*** Block opens ***
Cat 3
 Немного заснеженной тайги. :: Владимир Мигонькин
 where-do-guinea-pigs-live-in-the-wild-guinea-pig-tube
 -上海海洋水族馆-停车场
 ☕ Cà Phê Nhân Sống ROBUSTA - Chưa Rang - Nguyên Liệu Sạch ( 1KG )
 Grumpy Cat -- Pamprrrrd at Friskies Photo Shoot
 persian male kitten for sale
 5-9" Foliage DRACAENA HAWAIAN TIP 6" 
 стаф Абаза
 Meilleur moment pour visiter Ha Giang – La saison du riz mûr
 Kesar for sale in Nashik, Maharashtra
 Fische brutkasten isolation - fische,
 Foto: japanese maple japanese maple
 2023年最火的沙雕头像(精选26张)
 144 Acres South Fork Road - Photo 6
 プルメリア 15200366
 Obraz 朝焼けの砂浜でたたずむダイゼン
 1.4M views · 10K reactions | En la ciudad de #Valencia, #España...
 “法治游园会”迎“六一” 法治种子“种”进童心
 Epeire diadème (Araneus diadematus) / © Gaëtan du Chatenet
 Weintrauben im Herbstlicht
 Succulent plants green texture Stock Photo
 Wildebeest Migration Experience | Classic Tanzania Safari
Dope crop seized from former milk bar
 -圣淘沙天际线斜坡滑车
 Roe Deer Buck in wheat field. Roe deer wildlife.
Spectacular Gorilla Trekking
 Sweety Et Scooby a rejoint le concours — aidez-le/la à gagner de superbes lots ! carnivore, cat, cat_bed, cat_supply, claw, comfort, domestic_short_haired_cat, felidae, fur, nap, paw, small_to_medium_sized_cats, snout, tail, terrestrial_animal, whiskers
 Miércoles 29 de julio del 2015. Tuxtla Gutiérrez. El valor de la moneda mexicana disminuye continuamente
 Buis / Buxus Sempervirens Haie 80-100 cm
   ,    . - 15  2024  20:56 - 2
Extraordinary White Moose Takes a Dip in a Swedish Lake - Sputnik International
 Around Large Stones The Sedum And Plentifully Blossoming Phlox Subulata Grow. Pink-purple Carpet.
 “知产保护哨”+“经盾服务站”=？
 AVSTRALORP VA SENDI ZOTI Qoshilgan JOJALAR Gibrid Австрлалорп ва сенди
*** Block closes ***
• **Directions**: Look through the entries above for the word "Photo". Copy every line where it shows up.

• **Solution to this problem**:
 Grumpy Cat -- Pamprrrrd at Friskies Photo Shoot
 144 Acres South Fork Road - Photo 6
 Succulent plants green texture Stock Photo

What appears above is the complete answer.